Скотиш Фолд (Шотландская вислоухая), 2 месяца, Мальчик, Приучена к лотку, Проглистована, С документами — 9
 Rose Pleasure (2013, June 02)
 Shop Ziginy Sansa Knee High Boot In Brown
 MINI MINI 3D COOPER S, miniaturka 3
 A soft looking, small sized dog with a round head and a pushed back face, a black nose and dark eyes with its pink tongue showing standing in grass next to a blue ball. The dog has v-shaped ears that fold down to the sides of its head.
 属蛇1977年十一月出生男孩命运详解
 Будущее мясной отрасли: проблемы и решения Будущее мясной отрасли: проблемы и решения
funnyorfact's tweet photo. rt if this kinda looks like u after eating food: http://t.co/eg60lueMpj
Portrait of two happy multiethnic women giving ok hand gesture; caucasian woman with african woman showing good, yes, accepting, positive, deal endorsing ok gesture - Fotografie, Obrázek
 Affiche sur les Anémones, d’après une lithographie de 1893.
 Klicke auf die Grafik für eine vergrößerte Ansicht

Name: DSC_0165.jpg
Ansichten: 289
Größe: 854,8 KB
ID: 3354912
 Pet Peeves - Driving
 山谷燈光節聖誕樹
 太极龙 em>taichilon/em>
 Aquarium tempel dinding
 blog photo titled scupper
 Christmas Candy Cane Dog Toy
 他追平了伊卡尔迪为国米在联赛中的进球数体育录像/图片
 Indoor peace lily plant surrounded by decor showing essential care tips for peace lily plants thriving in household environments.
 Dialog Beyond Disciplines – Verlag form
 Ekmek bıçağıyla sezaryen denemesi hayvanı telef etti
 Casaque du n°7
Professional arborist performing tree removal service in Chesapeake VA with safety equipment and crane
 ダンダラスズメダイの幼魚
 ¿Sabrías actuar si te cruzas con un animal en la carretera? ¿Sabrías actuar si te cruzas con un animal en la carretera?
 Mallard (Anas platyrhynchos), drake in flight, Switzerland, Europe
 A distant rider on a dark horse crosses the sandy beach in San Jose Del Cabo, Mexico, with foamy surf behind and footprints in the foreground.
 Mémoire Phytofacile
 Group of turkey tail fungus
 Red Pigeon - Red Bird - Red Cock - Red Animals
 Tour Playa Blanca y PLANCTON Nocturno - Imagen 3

—————

Each entry, from start to finish, must be restated exactly.

SOLVED EXERCISE:
Скотиш Фолд (Шотландская вислоухая), 2 месяца, Мальчик, Приучена к лотку, Проглистована, С документами — 9
 Rose Pleasure (2013, June 02)
 Shop Ziginy Sansa Knee High Boot In Brown
 MINI MINI 3D COOPER S, miniaturka 3
 A soft looking, small sized dog with a round head and a pushed back face, a black nose and dark eyes with its pink tongue showing standing in grass next to a blue ball. The dog has v-shaped ears that fold down to the sides of its head.
 属蛇1977年十一月出生男孩命运详解
 Будущее мясной отрасли: проблемы и решения Будущее мясной отрасли: проблемы и решения
funnyorfact's tweet photo. rt if this kinda looks like u after eating food: http://t.co/eg60lueMpj
Portrait of two happy multiethnic women giving ok hand gesture; caucasian woman with african woman showing good, yes, accepting, positive, deal endorsing ok gesture - Fotografie, Obrázek
 Affiche sur les Anémones, d’après une lithographie de 1893.
 Klicke auf die Grafik für eine vergrößerte Ansicht

Name: DSC_0165.jpg
Ansichten: 289
Größe: 854,8 KB
ID: 3354912
 Pet Peeves - Driving
 山谷燈光節聖誕樹
 太极龙 em>taichilon/em>
 Aquarium tempel dinding
 blog photo titled scupper
 Christmas Candy Cane Dog Toy
 他追平了伊卡尔迪为国米在联赛中的进球数体育录像/图片
 Indoor peace lily plant surrounded by decor showing essential care tips for peace lily plants thriving in household environments.
 Dialog Beyond Disciplines – Verlag form
 Ekmek bıçağıyla sezaryen denemesi hayvanı telef etti
 Casaque du n°7
Professional arborist performing tree removal service in Chesapeake VA with safety equipment and crane
 ダンダラスズメダイの幼魚
 ¿Sabrías actuar si te cruzas con un animal en la carretera? ¿Sabrías actuar si te cruzas con un animal en la carretera?
 Mallard (Anas platyrhynchos), drake in flight, Switzerland, Europe
 A distant rider on a dark horse crosses the sandy beach in San Jose Del Cabo, Mexico, with foamy surf behind and footprints in the foreground.
 Mémoire Phytofacile
 Group of turkey tail fungus
 Red Pigeon - Red Bird - Red Cock - Red Animals
 Tour Playa Blanca y PLANCTON Nocturno - Imagen 3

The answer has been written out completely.